* [PROBLEM DESCRIPTION] Copy the complete listing word for word, but do not carry over any images.

* [SUPPLIED INFORMATION]

------

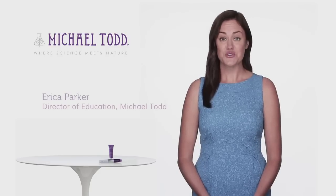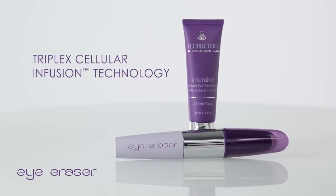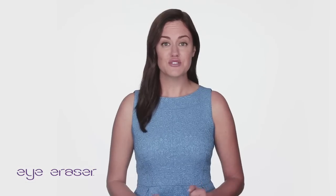Michael Todd's Eye Eraser Infusion Device is a scientific breakthrough in anti-aging that utilizes TriPlex cellular infusion technology, which helps deliver beneficial ingredients in your skincare products deeper and more evenly into the skin at a cellular level, where they can really begin to work for you.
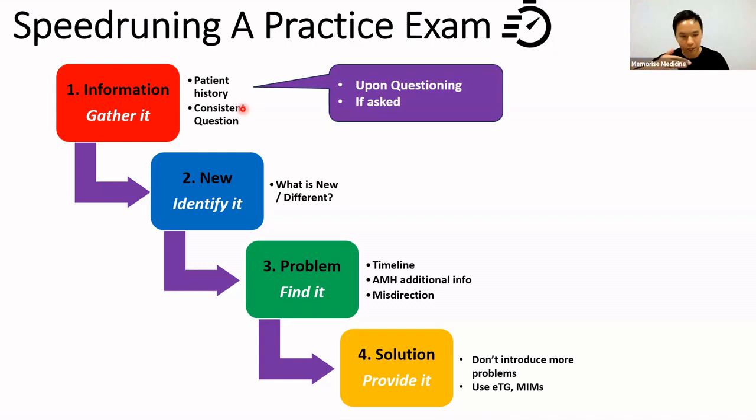In my book, below the patient profile it says 'upon questioning you learn all this information.' You need to assume you would have asked all those questions. If you read them and thought you wouldn't have asked something, think about why. In other exams it's listed as 'information given if asked' — you only read that part of the answer, the 'information given if asked' section.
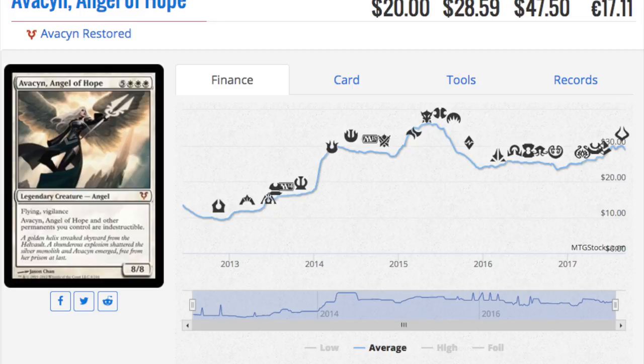She's a mythic angel, and I'm glad they reprinted her. After reprinting Griselbrand, I expect her price to drop significantly. Some of these mythics have to take a beating. I'm pretty sure Mana Drain won't be one of them, but Avacyn and the next angel I'll show you should drop drastically in price.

------

* [REPLY]
Michael Todd's Eye Eraser Infusion Device is a scientific breakthrough in anti-aging that utilizes TriPlex cellular infusion technology, which helps deliver beneficial ingredients in your skincare products deeper and more evenly into the skin at a cellular level, where they can really begin to work for you.
In my book, below the patient profile it says 'upon questioning you learn all this information.' You need to assume you would have asked all those questions. If you read them and thought you wouldn't have asked something, think about why. In other exams it's listed as 'information given if asked' — you only read that part of the answer, the 'information given if asked' section.
She's a mythic angel, and I'm glad they reprinted her. After reprinting Griselbrand, I expect her price to drop significantly. Some of these mythics have to take a beating. I'm pretty sure Mana Drain won't be one of them, but Avacyn and the next angel I'll show you should drop drastically in price.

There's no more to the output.